Not really considering they were facing the then largest army on earth and desperately needed to raise money for their own defense.
As I said before, on tariff collections, New York, not Charleston or New Orleans collected the overwhelming portion of tariffs. And it was impossible for less than 5 Million white southerners, most of the mud sill farmers, to spend more on imported goods that the 20 million people of the Northern states.
And as I said, where the goods landed was irrelevant. The owner of the goods pays the tariff not the port. Also, who ever said only White Southerners bought the goods that were imported? I made it quite clear that that was not the case.
BTW, to answer you question… By the way, if that tariff burden were not falling overwhelmingly on the Southern states, why did the following politicians at the time say this… The answer is simple. Then, just like today, politicians are generally sneaky, lying pieces of crap. That’s why.
So all those politicians North and South, all those Newspapers North and South as well as foreign, they were all just lying? It was some grand conspiracy lasting decades in which numerous people on all sides decided to just lie about the fact that the Southern states were bearing the overwhelming share of the tax burden and were not receiving their fair share back in federal largesse?

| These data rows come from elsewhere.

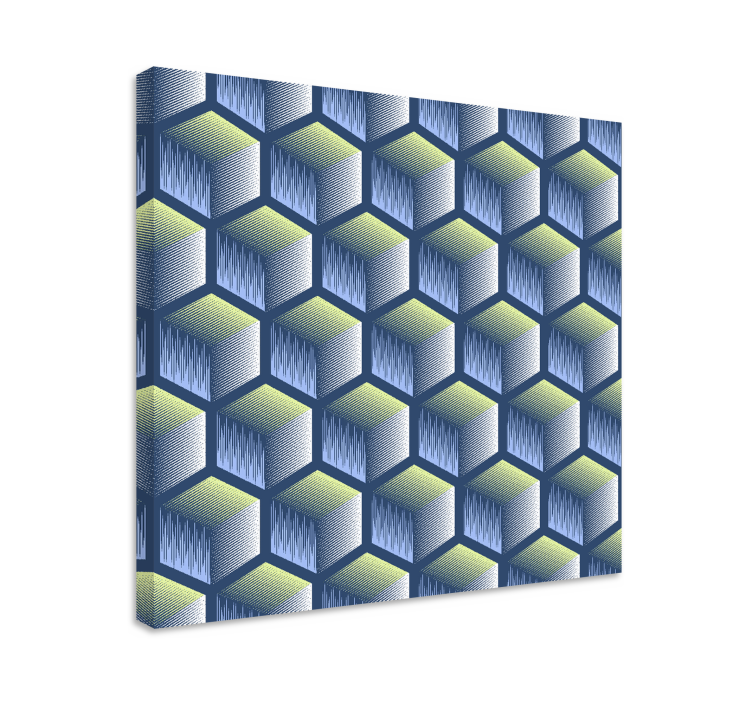 Hexagonális kocka mintázat vászon geometriai - TenStickers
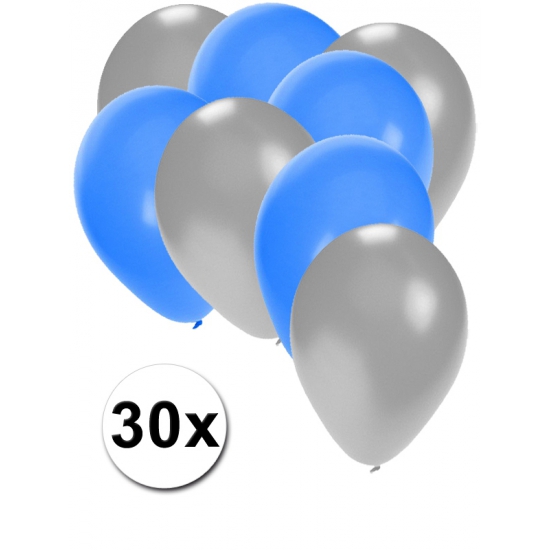 Zilveren en blauwe ballonnetjes 30 stuks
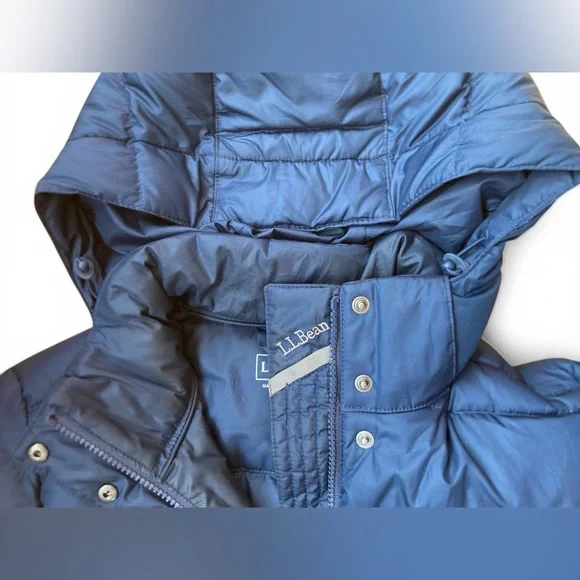 L.L. Bean Vintage Women’s Small DownTek Puffer Jacket Navy Blue Fitted Hooded - Picture 1 of 10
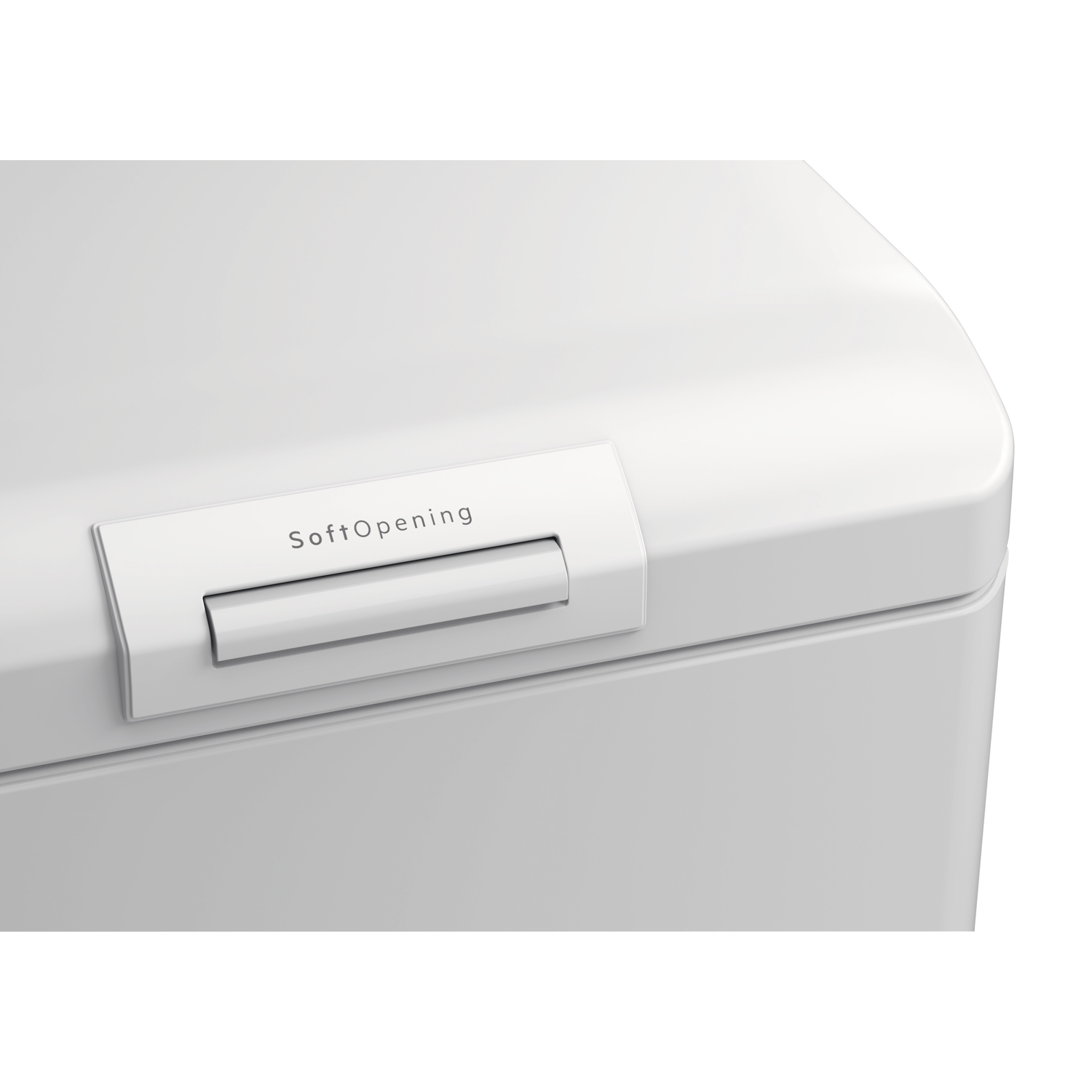 Close-up of a white appliance with a handle labeled 'SoftOpening' on a white surface.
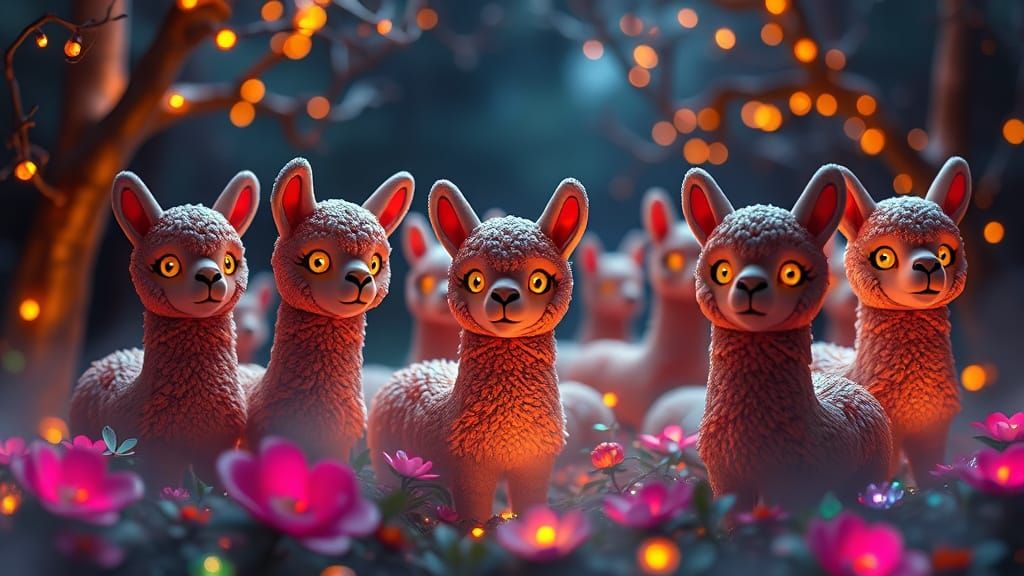 Llama Topiaries with Bioluminescent Flowers in 3D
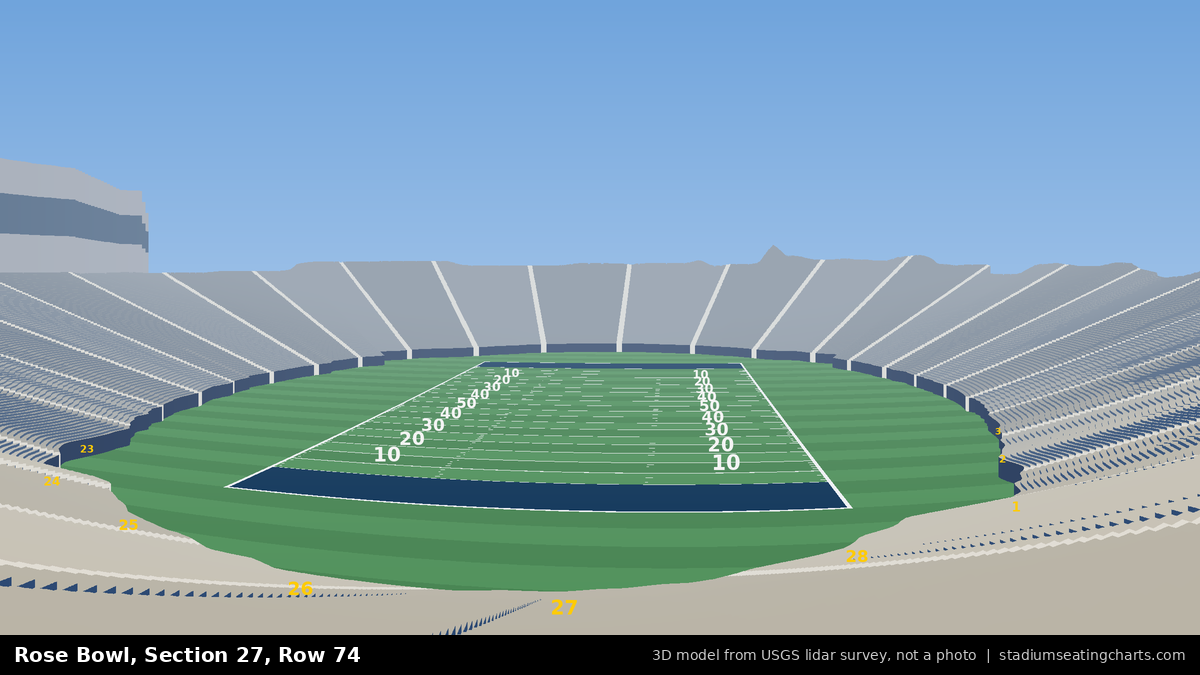 View from Rose Bowl Section 27, Row 74, looking toward the field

I find that rather unpersuasive.
Always with the excuses. Notice when this passed… May of 1861. That was two full months before 1st Bull Run. The Confederate Army was just as large as the Union Army at that point.
But don’t allow inconvenient facts to interrupt your playing the poor victim.
All of them, no there might have been a few that were just wrong, but then as now, most news media and most politicians lie for a living. It’s what they do.
Are you saying that if I lived on Dothan, Al, and ordered plow from England, I had to go to New York to receive it from the ship and then pay the tariff to those damn Yankees?